(COLLECTED DATA begins)

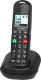 ALCATEL XL685 BLACK - TELEFON DECT 1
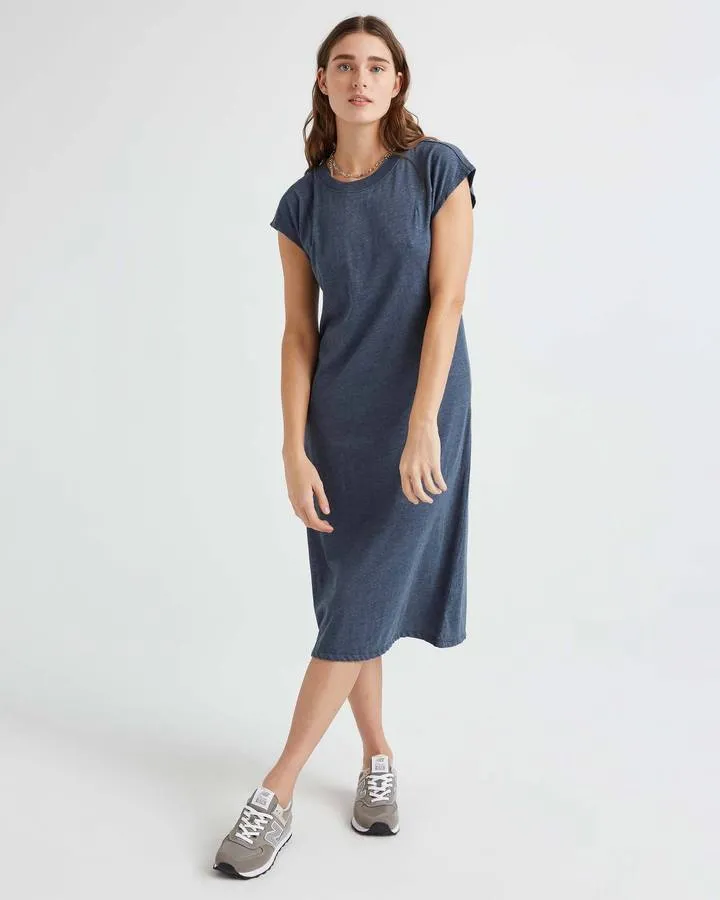 Easy Dress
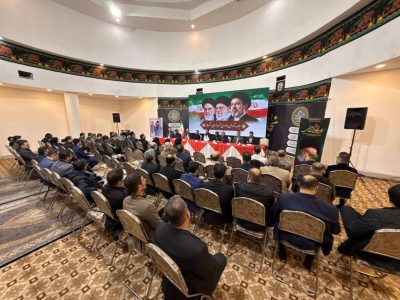 آمادگی کامل شهرداری رشت برای استقبال از میهمانان نوروزی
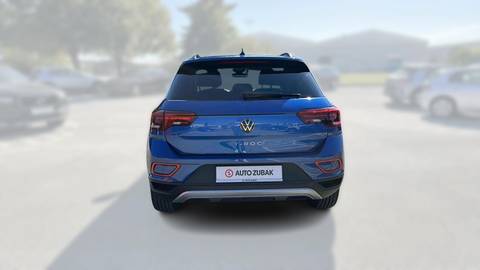 2024 Volkswagen T-Roc — sličica 6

(COLLECTED DATA ends)

# [WORK ITEM]
After removing the pictures, transcribe the listing above exactly.

# [REPLY]
 ALCATEL XL685 BLACK - TELEFON DECT 1
 Easy Dress
 آمادگی کامل شهرداری رشت برای استقبال از میهمانان نوروزی
 2024 Volkswagen T-Roc — sličica 6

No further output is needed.